The blog (subscribe here) this week we focus on a study that sheds light on the potential role of the subcutaneous bursa in insertional Achilles tendinopathy, but the question has to be asked, what do these association studies actually add and do they change our management? The second study I picked because although some of the science was good I struggled with their arguments about the importance of pathology in tendon management. Always a topic that divides people and brings up lot’s of opinions and debate.
I hope you enjoy.
Shedding light on the subcutaneous Achilles bursa, but should we care?
What they did: Andersson et al. were interested in the subcutaneous Achilles bursa which is superficial to the Achilles tendon insertion – see figure below. They argue that the retrocalcaneal bursa and tendon is often considered as a pain source in insertional Achilles issues, but the subcutaneous bursa is not. They collected tissue samples of the subcutaneous and retrocalcaneal bursae, the posterosuperior prominence of the calcaneal tuberosity and the anterior part of the distal Achilles tendon among 10 people undergoing surgery for insertional Achilles tendinopathy.
Immunohistochemical staining was performed on tissue samples. Samples were given a semi-quantitative grade depending on the amount of PGP 9.5-positive structures, ranging from 0 to 3 (0 = very few or no PGP 9.5-positive structures, 1 = a few PGP 9.5-positive structures were seen in the section, 2 = PGP 9.5-positive structures were frequently occurring throughout the section, 3 = PGP 9.5-positive structures were seen in all fields of view throughout the section). PGP 9.5 is a general nerve marker and can visualize nerve fibres and nerve fascicles, but does not differentiate between different nerve types. The microscopists were blinded to the tissue being studied.

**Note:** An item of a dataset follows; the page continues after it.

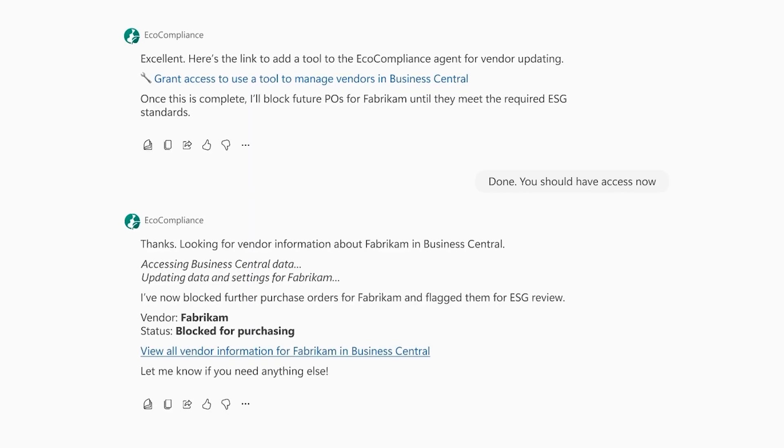With M365 Copilot and the eco-compliance agent, Marie stays ahead of compliance, turning a process that was time-consuming and a risk into a competitive advantage for her company. Learn more about Dynamics 365 MCP servers at aka.ms/mcp4d365.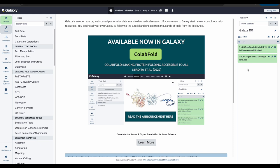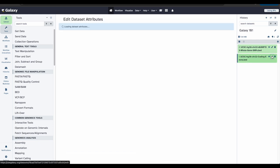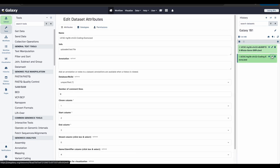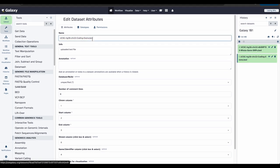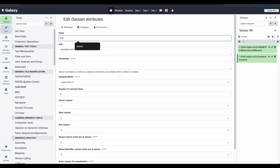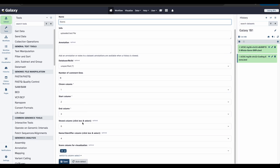To do that, go to the first data file and click the pencil icon. In the center panel, we can update the name field. For this data file, let's change the name to exons. Scroll down and click save.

What they found: There were few nerve fibres detected in the tendon, and more in the peritendinous tissue, as you would expect. The grading of the biopsies resulted in a median value of 1 (IQR=0–1.5) for the retrocalcaneal bursa; 2 (IQR=1–2.3) for the subcutaneous bursa; 0 (IQR=0–1) for the tendon, and 1 (IQR=0–1) for the calcaneus – the differences were not statistically significant.
Clinical interpretation: Although not significant, the authors speculate that the innervation pattern of the subcutaneous bursa is clinically relevant. They go on to suggest it is a ‘neglected structure’. The obvious question is, are these nerves relevant at all to the pain presentation of an individual with insertional Achilles tendinopathy? That is the BIG issue with the many cross sectional association studies we have in the area of tendon pain – there is no way of knowing whether these factors are actually relevant. These studies have 'linked' biochemical with tendon pain, eg substance P, acetylcholine, etc, etc, the list is endless. Aside from only showing associations, often the science is poor, ie they compare apples and oranges, i.e. end stage pathological and painful people vs completely asymptomatic and normal tendon controls. Don’t get me wrong, I think exploring pain mechanisms is really really critical, but a focus on the tissue and biochemicals has, so far, in my opinion, not changed our clinical practice one bit, and we are talking about hundreds of studies in this area. Pain biochemicals research may lead to a huge break through and is important, but it is not yet clinically relevant. What is clinically relevant is understanding the multidimensionality and broad spectrum of tendon pain.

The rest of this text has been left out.